I have a long running idea of a) extending flatbuffers with Mix-In inheritance. There might be some optimizations that could use that field. b) Proper NULL values could be encoded with an optional bitmap that could be encoded there. In general such options (I know that proposal isn't popular, but it is an example). In general we could have flags to encode certain encoding extensions. It could also be used for dynamically extending the representation as you suggest. In either case I'm not really in favor of conflating this with 64-bit global format - both due to the complexity of it, and for performance reasons in the common case. But I do like the idea of reserving this field for flags of some sort. Again, this could be enabled via my proposed format identifier such the vtable field is only special in special FB formats. Finally, it is worth noting that the Arrow format also exists. It uses FB for metadata but a Google Drill like mix of row/column data that is better suitable for more homogenous (but potentially sparse) data in large volumes. |
@dbaileychess I think first thing to decide is how much engineering time you and any collaborators would have for this. If that is a lot, then there are options. I just think routing support for possible 64-bit offsets thru all APIs of all languages is a tremendous engineering exercise that I personally wouldn't want to bet on. My suggested approach marries low engineering effort with enough escape hatches for people to use the 64-bit space. Escape hatches are ugly, but remember this is a niche requirement, 99.9% of FB users really don't need more than 32-bits.
|
I would tend to agree, but I think could be solved by just detecting if you have a supported format or not.

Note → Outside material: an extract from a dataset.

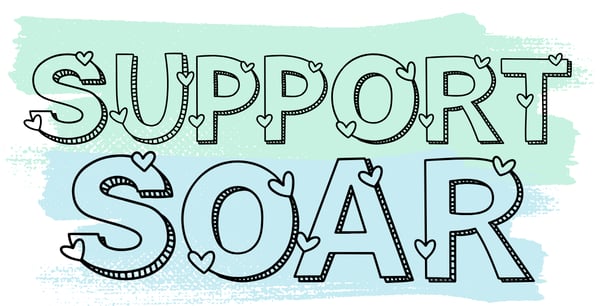 Picture for: Donations towards Project SOAR programming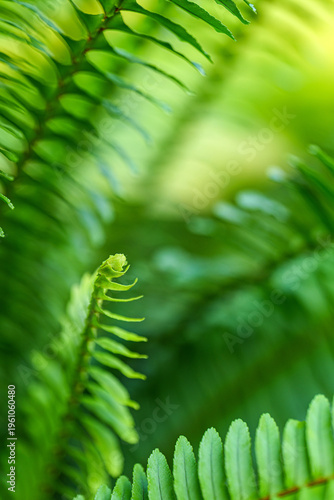 Fresh Green fern leaves close up lush tropical foliage nature background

Branching after opening the file / buffer would not be good in general. |
Yeah, i haven't audited the path to see if it is ever used. Was just a suggestion to throw in the wind :)
Agreed, I don't think it is important to expand the size of vtables, I just wanted to bring it up if we had something that could tackle dynamic switching of offset sizes, as it could possible be applied to vtables as well.
Agreed.
Yep, I think for the cost-benefit tradeoff, your or the library approach is the best compared to the "native" 64-bit support. |
Are there any progress on implementing 64-bit size in the 2023 or is this idea still in design phase? |
This is actually in progress: https://github.com/google/flatbuffers/tree/flatbuffers-64 |
Nice I can only hope it'll make master soon as it would be great utility for saving bigger files 🏅 |
@machineko details of your usecase? |
Deep learning models serialization and transfer around the distributed system (sometimes with weights >20GB which right now is using json and <2GB using flatbuffers) |
Just wanted to say big thank you to all who are working on supporting 64 bit flatbuffers! I was caught up in different projects and am now returning to the project from #7536 (hopefully I can make it public in the next 2-3 weeks!), where I already thought of design changes for my library to partition the flatbuffers into < 2 GB chunks. However, I will try out https://github.com/google/flatbuffers/tree/flatbuffers-64 first for sure, since partitioning would complicate things for future users of my library a lot. I wanted to expose as little as possible from flatbuffers, since my library will probably be used by people with no knowledge on serialization and "low-level things". To give you a rough hint, the most popular file format to describe programs in my area is this one here: https://homes.esat.kuleuven.be/~nsmart/MPC/. I definitely want to change this :D |
I would like to open a invitation for people to start trying out the 64-bit work in the https://github.com/google/flatbuffers/tree/flatbuffers-64 feature branch. There is still stuff for me to do in it, but at this time I feel like most of the features are implemented and tested to a degree. I've only tested with clang and gcc on linux, I believe the mac and windows errors are just about narrowing of types that I will address. I don't have docs/tutorial yet, but I hope the tests and schema are straightforward to get the gist.
|
Everything is Green on that branch for now, and I'll try my best to keep it that way until we merge it in. |
@dbaileychess, thanks so much for this work! I find myself in need of 64-bit offsets, but I'm running into the current limitation of vectors of tables not supporting the I was wondering if support for faraway vectors of tables is being considered for the future, or whether there is a different option currently that would achieve something similar? |
I would have to double check, but I thought I put everything in and didn't have any abandon work. |
Looking at the commit again, I think I misunderstood: it adds support for 64-bit vectors of structs, but it seems 64-bit vectors of tables were never supported. I believe I've been able to update my schemas to support larger buffers, taking advantage of I basically went from something like this:
To this:
I still can't have a massive number of |
So this is why I argued it would be better to just have a pure 64-bit version of FlatBuffers. |
"2GB should be enough for anybody!" I said some 9 years ago when first coming up with FlatBuffers. Of course, even back then OSes were already 64-bit and machines had memory for bigger buffers than that, but because of the nature of FlatBuffers (largely immutable data written linearly) it seemed that if people would store >2GB of FlatBuffer data, that would be most efficient in multiple files (packets / buffers / ...) anyway. And of course 32-bit offset made the format a whole lot more compact.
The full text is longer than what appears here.